At all times His Majesty's Government have made it plain that they were ready to place their good offices at the disposal of both parties, and in our official statement of 21st July this offer of good offices was renewed. I would add that His Majesty's Government have acted throughout in full consultation with the United States, to whom also, on various occasions, the Netherlands Government and the Indonesian authorities have appealed for help. They have also kept in close touch with all members of the Commonwealth.

In reply to our offer, which was published yesterday at The Hague, the Netherlands Government state that they are grateful to the United States and His Majesty's Governments for their help; that they have taken good note of our offer of good offices; and that it will depend on developments whether, and if so when, it will be opportune to appeal again to the U.S. Government and His Majesty's Government. I am keeping in very close touch with events, and will take advantage of any opportunity to bring about a peaceful settlement, but I cannot, at the moment, express any view as to the quickest and best way of bringing this conflict to an end. I cannot, therefore, at present give an opinion as to whether the Security Council is the best and most appropriate means of achieving this object.

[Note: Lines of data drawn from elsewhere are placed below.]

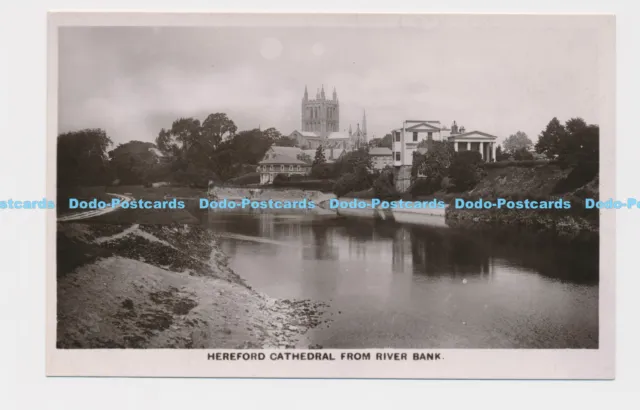 C017662 Hereford Cathedral from River Bank. Charles E. Brumwell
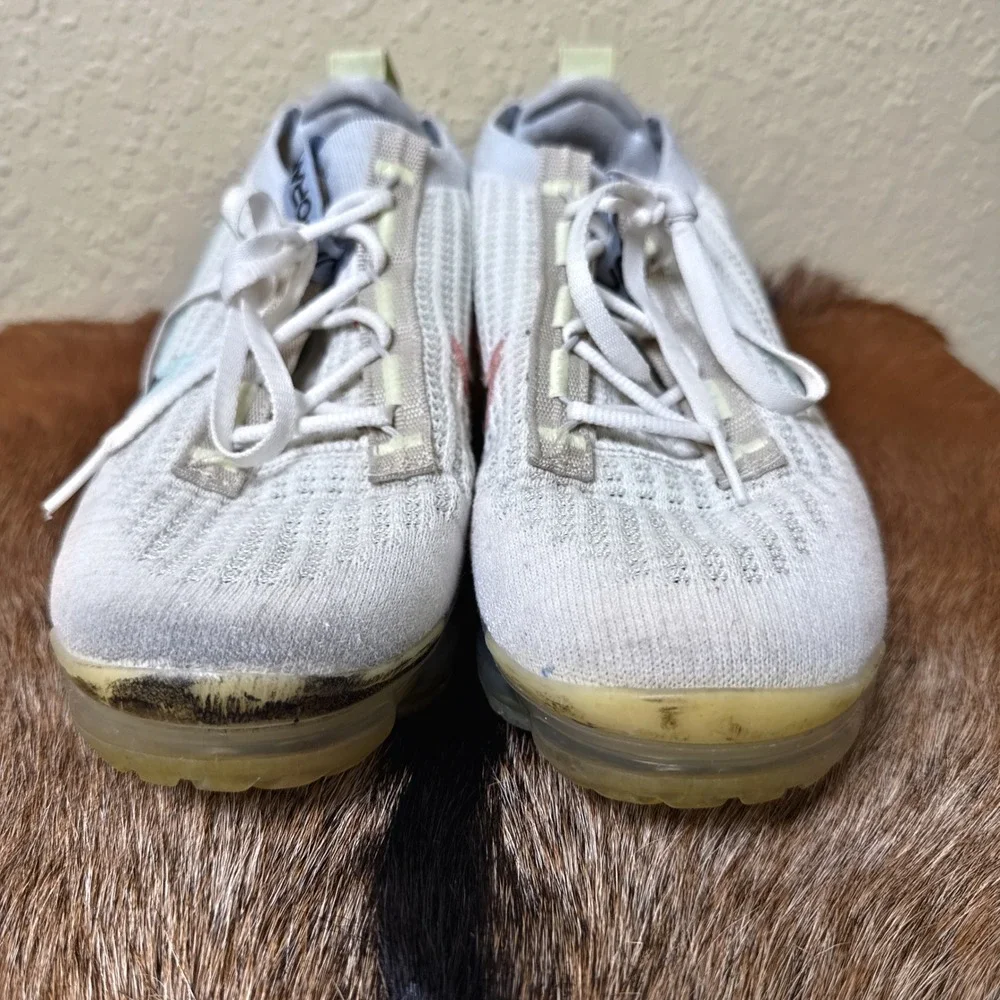 Nike Air VaporMax 7Y 2021 FK Youth White Mis Matched‎ Swoosh DQ7758-100 Run Gym
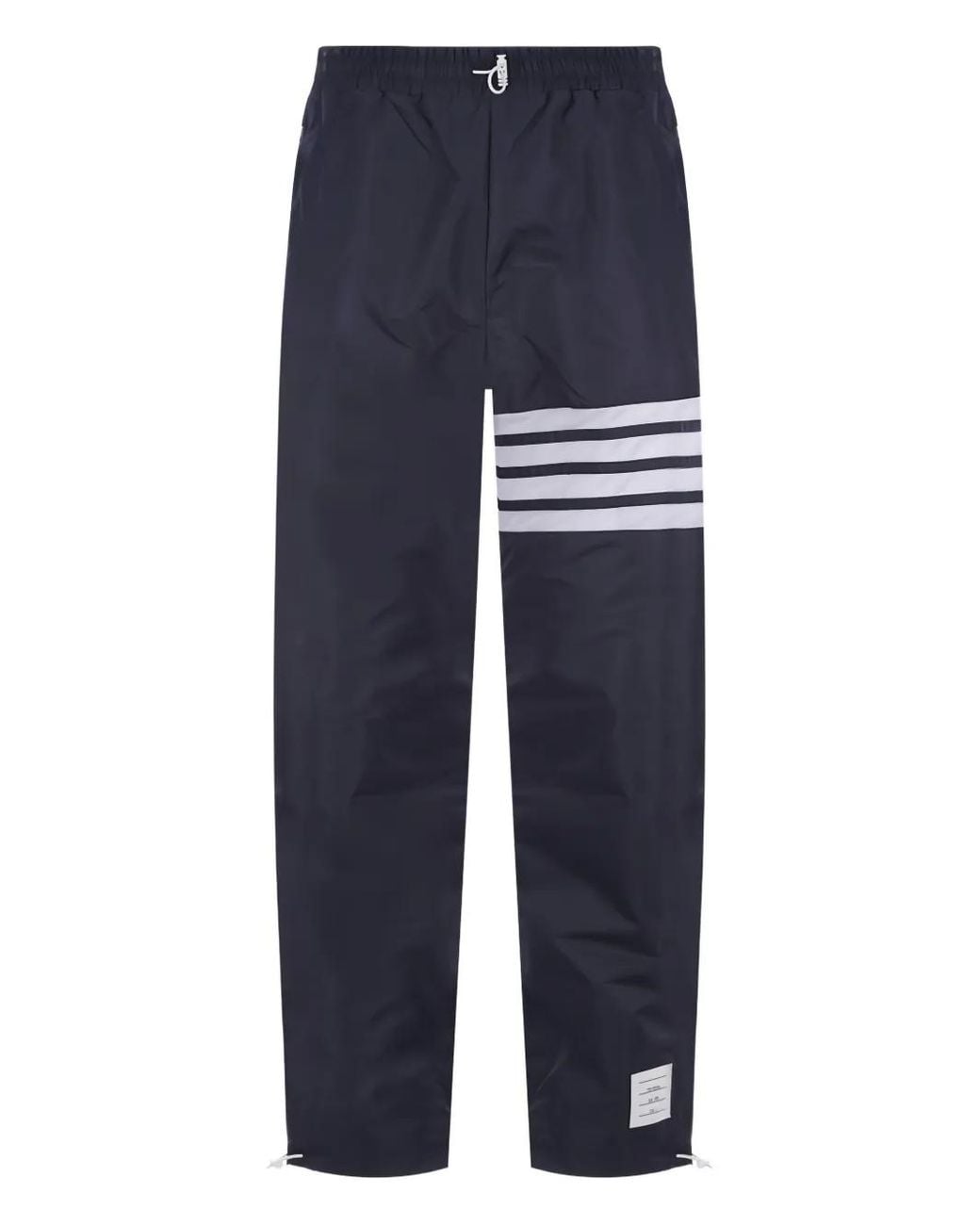 Thom Browne Blue Ripstop Mesh 4-Bar Track Trousers for men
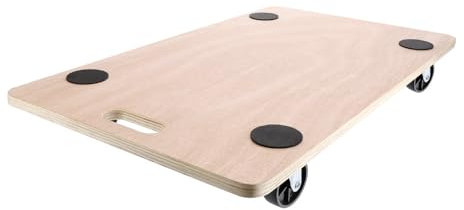 Plateau de transport à roulette 200 kg - Bois de peuplier 75x45cm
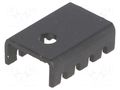 Heatsink: moulded; U; TO220; black; L: 19.05mm; W: 13.21mm; H: 6.35mm STONECOLD HS-S01
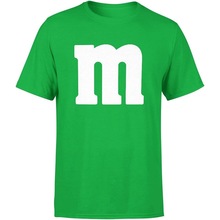 【欧码棉T】字母 M 万圣节服装 T 恤 | 搞笑酷炫图案 T 恤创意 |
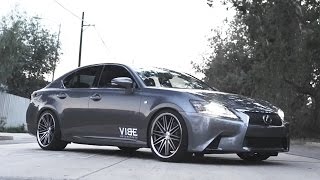 2014 Lexus GS350 F-Sport on CS16 Concept One Wheels and Borla Exhaust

While fully appreciating the efforts which have been made, and are being made, in regard to mediation, may I ask if the Foreign Secretary does not feel that the situation has now so deteriorated that there is both a technical and a moral obligation to refer the matter to the United Nations and, indeed, would not this be in the best interests of all concerned, and of the world at large?

I am giving very careful consideration to that. Obviously, I do not rule it out, but I have to be guided by experience. In regard to questions we referred to the Security Council recently, it does not bring about a final and peaceful solution, and the matter drags on, with vetoes, and all sorts of difficulties going on, which is disappointing. What His Majesty's Government are determined to do is, to try to use their good offices to bring this matter to a satisfactory solution at the earliest possible moment.

Can the Foreign Secretary say to what extent the Indonesian Government who were carrying on the negotiations with the Dutch have, in fact, lost power; and to what extent has that power now reverted to a much more extreme section of political opinion?

I cannot answer that question, but I do say this, that all history proves that whatever may happen when negotiations are going on, once you start letting off the guns you create an entirely different situation, with a rallying round the Government.

Would my right hon. Friend be willing to see and to talk personally with Dr. Sjahrir, if he should be able to come to this country; and would my right hon. Friend also give an assurance, now a war has actually begun, that we shall not provide any more arms or equipment for the Dutch, or train Dutch troops, or allow them to be trained, anywhere on British soil, here or in Singapore?

I do not feel disposed to make threats of any kind at this moment. With regard to Dr. Sjahrir, he is not now the Prime Minister, and, therefore, I do not see that it would serve any useful purpose to see him. We are working on other methods, which I think might be more appropriate if they can be found to be practicable. Therefore, at this stage, I would not like to commit myself to any actual decisions which His Majesty's Government might take.

In view of the right hon. Gentleman's statement—which I think we all understand fully—that he does not feel able to comment at the present time on the Dutch Government's note, would not this House be well advised to pursue a similar attitude in dealing with a matter of this delicacy in relation to an Ally, when His Majesty's Government have already offered their good offices?